- Raw data -
————
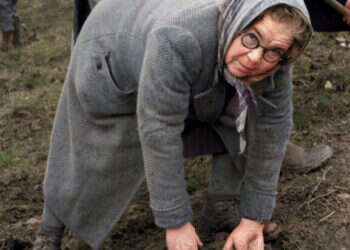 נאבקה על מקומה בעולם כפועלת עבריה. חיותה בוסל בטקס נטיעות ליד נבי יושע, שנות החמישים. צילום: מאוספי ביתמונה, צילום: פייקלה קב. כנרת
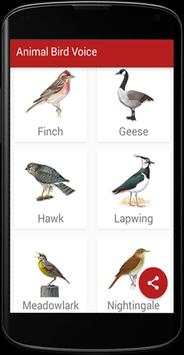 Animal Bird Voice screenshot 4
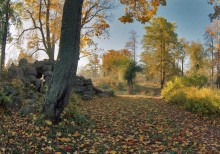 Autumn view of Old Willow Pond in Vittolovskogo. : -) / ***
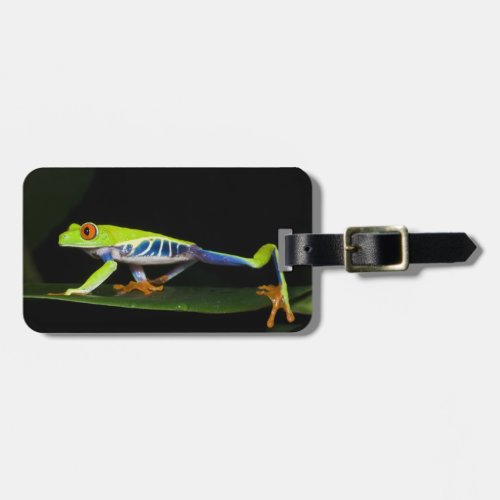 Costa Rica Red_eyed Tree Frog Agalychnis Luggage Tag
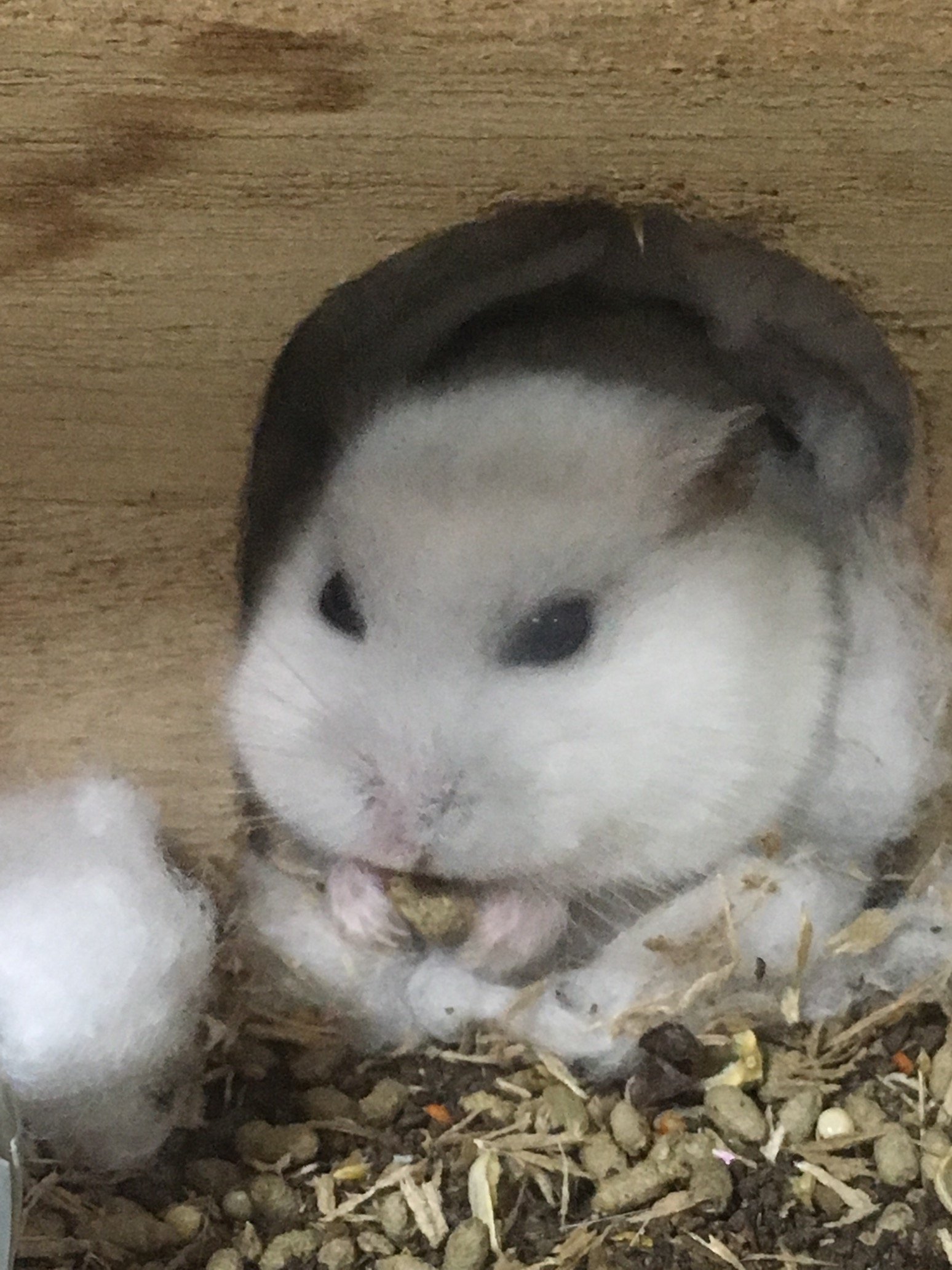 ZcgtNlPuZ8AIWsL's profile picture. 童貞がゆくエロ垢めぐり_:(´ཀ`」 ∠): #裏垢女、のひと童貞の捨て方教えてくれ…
————
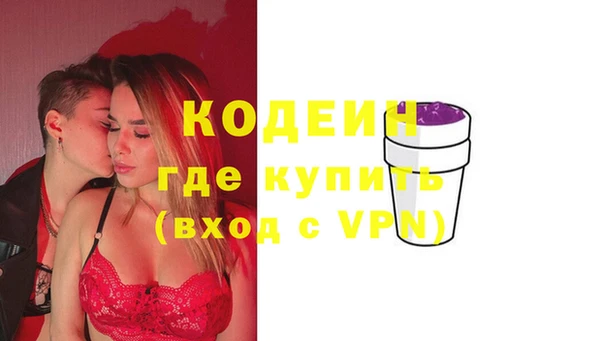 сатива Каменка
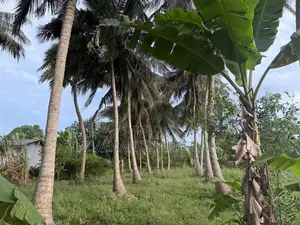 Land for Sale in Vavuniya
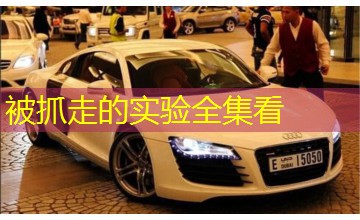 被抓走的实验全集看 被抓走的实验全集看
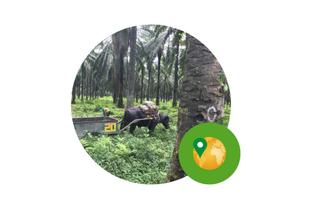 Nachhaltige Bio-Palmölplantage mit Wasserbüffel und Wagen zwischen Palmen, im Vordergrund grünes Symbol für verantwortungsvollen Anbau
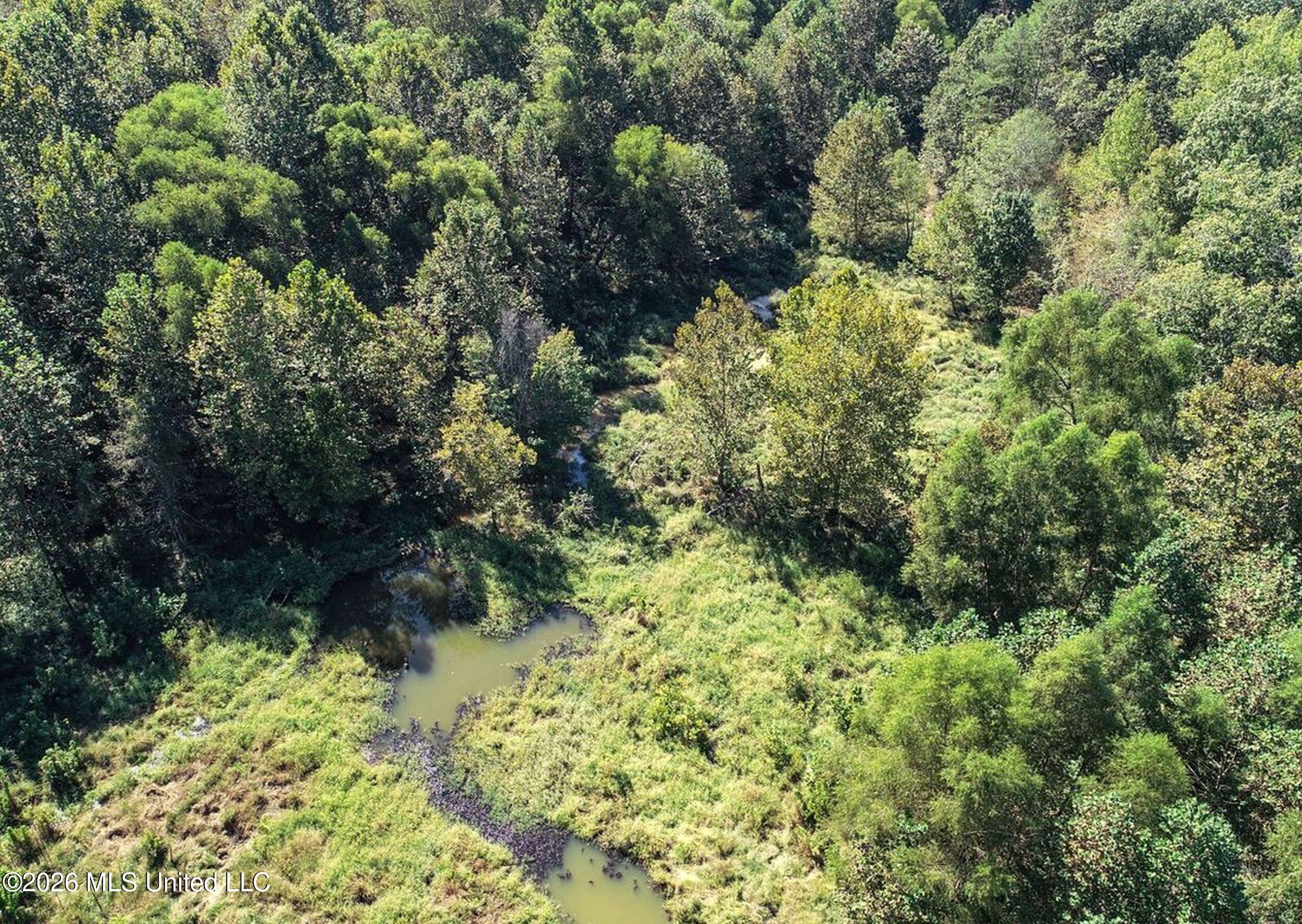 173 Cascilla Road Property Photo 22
————
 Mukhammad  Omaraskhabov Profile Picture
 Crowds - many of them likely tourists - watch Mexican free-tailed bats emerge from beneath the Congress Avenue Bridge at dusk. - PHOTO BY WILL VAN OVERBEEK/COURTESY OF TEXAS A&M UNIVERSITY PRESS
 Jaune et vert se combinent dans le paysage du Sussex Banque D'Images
————
- Task description -
Look above for the line with "נאבקה על מקומה" and the line with "ZcgtNlPuZ8AIWsL's profile picture.". Output those two and everything between them exactly, pictures excluded.

- Written response -
 נאבקה על מקומה בעולם כפועלת עבריה. חיותה בוסל בטקס נטיעות ליד נבי יושע, שנות החמישים. צילום: מאוספי ביתמונה, צילום: פייקלה קב. כנרת
 Animal Bird Voice screenshot 4
 Autumn view of Old Willow Pond in Vittolovskogo. : -) / ***
 Costa Rica Red_eyed Tree Frog Agalychnis Luggage Tag
 ZcgtNlPuZ8AIWsL's profile picture. 童貞がゆくエロ垢めぐり_:(´ཀ`」 ∠): #裏垢女、のひと童貞の捨て方教えてくれ…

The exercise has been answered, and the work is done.